Le incredibili vicende degli ultimi giorni in Russia richiederanno una riflessione ulteriore da parte dei partiti, riflessione che ancora non si è compiutamente ascoltata. Mercoledì 28 giugno la premier Giorgia Meloni affronterà la questione in Parlamento nell’ambito della informativa, dunque senza voto, sul prossimo Consiglio europeo del 29 e 30. Ma d’altra parte sulla questione russa la premier non ha mai avuto dubbi: con Kijiv fino alla fine.
Non è da lei che si attendono novità. Semmai sarà interessante capire se anche su questa questione la Lega, all’attacco su più fronti (dal Mes al caso Santanchè) e peraltro sempre border line sul regime di Vladimir Putin, farà sentire qualche accento diverso: il riferimento di Matteo Salvini a «una pace giusta» è in questo senso sufficientemente ambiguo. Ma ancora più interessante è cercare di capire se il mancato golpe del macellaio Prigožin, e il parallelo indebolimento dello zar di Mosca, può influenzare l’intensità della posizione del Pd e dunque segnare un’ulteriore distanza tra il Nazareno e il leader dei Cinquestelle Giuseppe Conte.
A giudicare dalla prima reazione di quest’ultimo parrebbe di sì. Dalle convulse ore di sabato, l’avvocato del popolo infatti è convinto di poter trarre nuovi argomenti per il disarmo: «Rimaniamo critici su armi e guerra». È una posizione soi disant coerente ma vieppiù assurda. Perché nel momento in cui la Wagner subisce un colpo micidiale e al tempo stesso Putin e i suoi ministri si trovano obiettivamente in una situazione complicata è esattamente il momento di non mollare, anzi, di intensificare ogni sforzo per la Resistenza e l’avanzata ucraina.
Ma Conte continua a propagandare una “pace” che in ogni caso, se ci sarà, non sarà quella che vuole lui, che è più o meno la registrazione della status quo, una posizione in asse con «la pace giusta» di Salvini. Si torna dunque a una nemmeno tanto larvata intesa gialloverde, d’altronde mai davvero finita col Papeete, soprattutto sulla guerra. Nulla di nuovo sotto il sole.

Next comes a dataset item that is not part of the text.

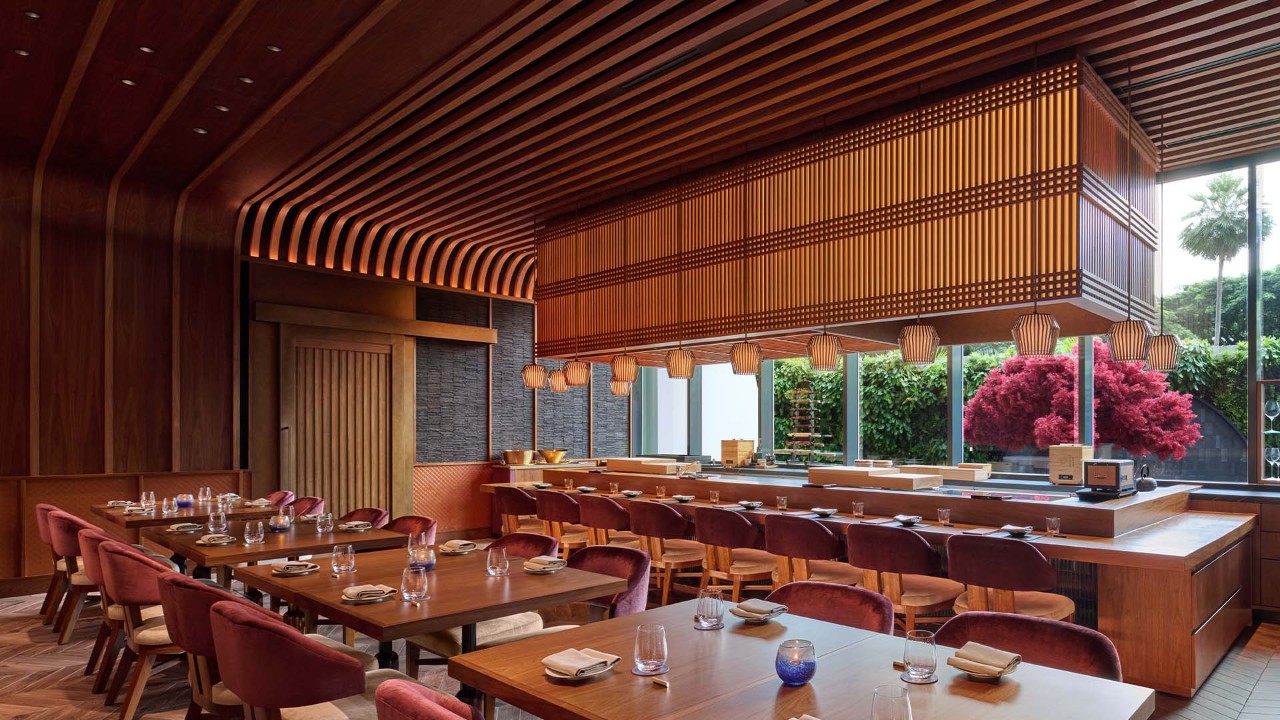 Interior and dining area at Wakuda, a Michelin-starred restaurant in Singapore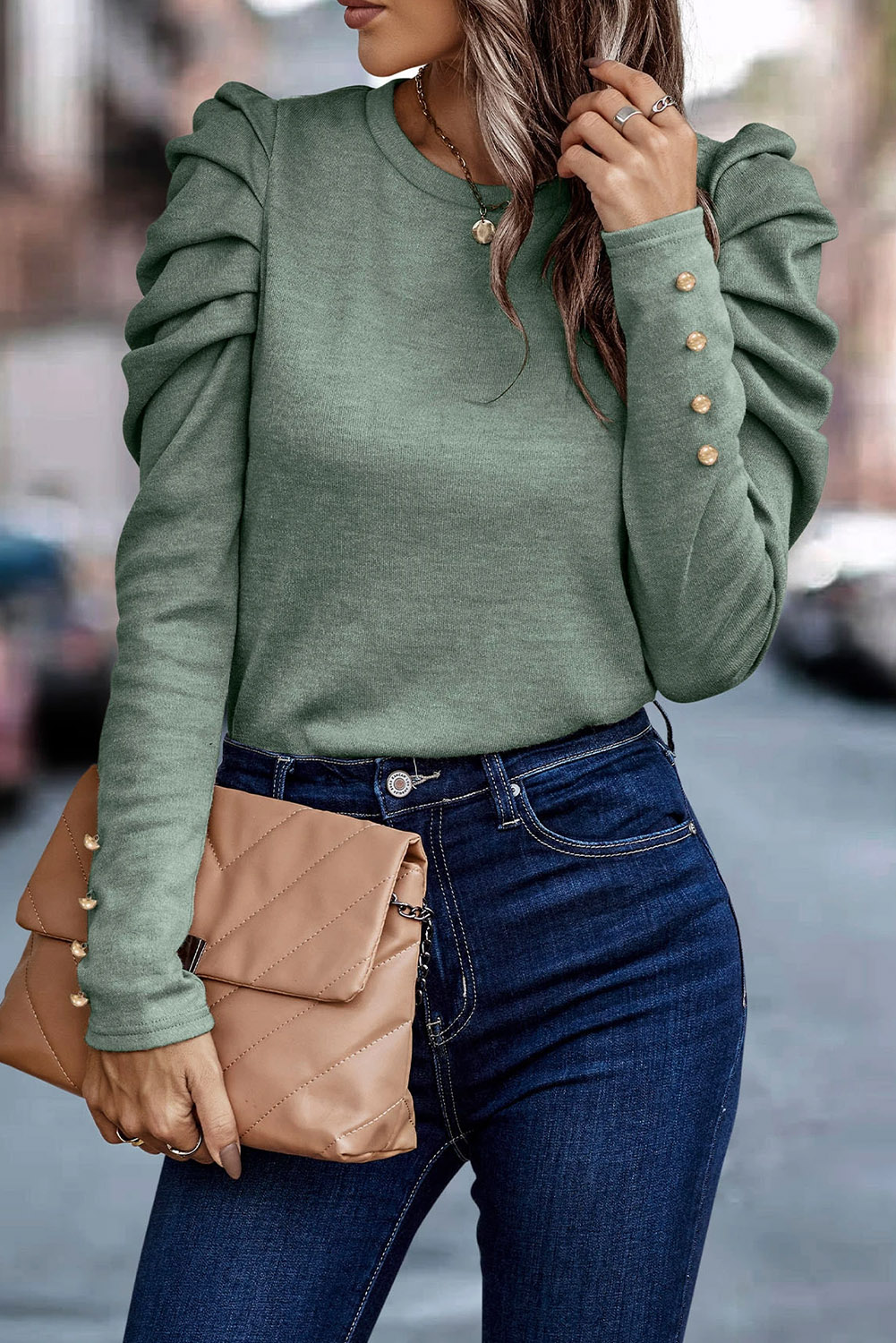 Green Buttoned Puff Long Sleeve Sheath Top - loveforevers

Invece, nel Pd sta accadendo (forse) qualcosa di nuovo. Mentre la segretaria Elly Schlein non sta intervenendo sulla più importante questione di questo momento storico preferendo manifestare in piazza sulla sanità e ai gay pride, è stato il responsabile Esteri del partito Peppe Provenzano a dire chiaro e tondo che in queste ore «l’unica certezza è che questa crisi rappresenta un’ulteriore conseguenza della folle e sciagurata guerra di Putin all’Ucraina». E accenti nuovi erano venuti sempre da Provenzano all’ultima riunione della Direzione: «No a un congresso permanente sulla politica estera. Bene la nettezza della posizione sull’Ucraina, che non cambierà. Ma noi dobbiamo dire più forte la parola Pace se non vogliamo regalarla agli utili idioti di Putin. Pace deve significare anzitutto “Russia go home”, condanna dell’aggressore e difesa dell’aggredito».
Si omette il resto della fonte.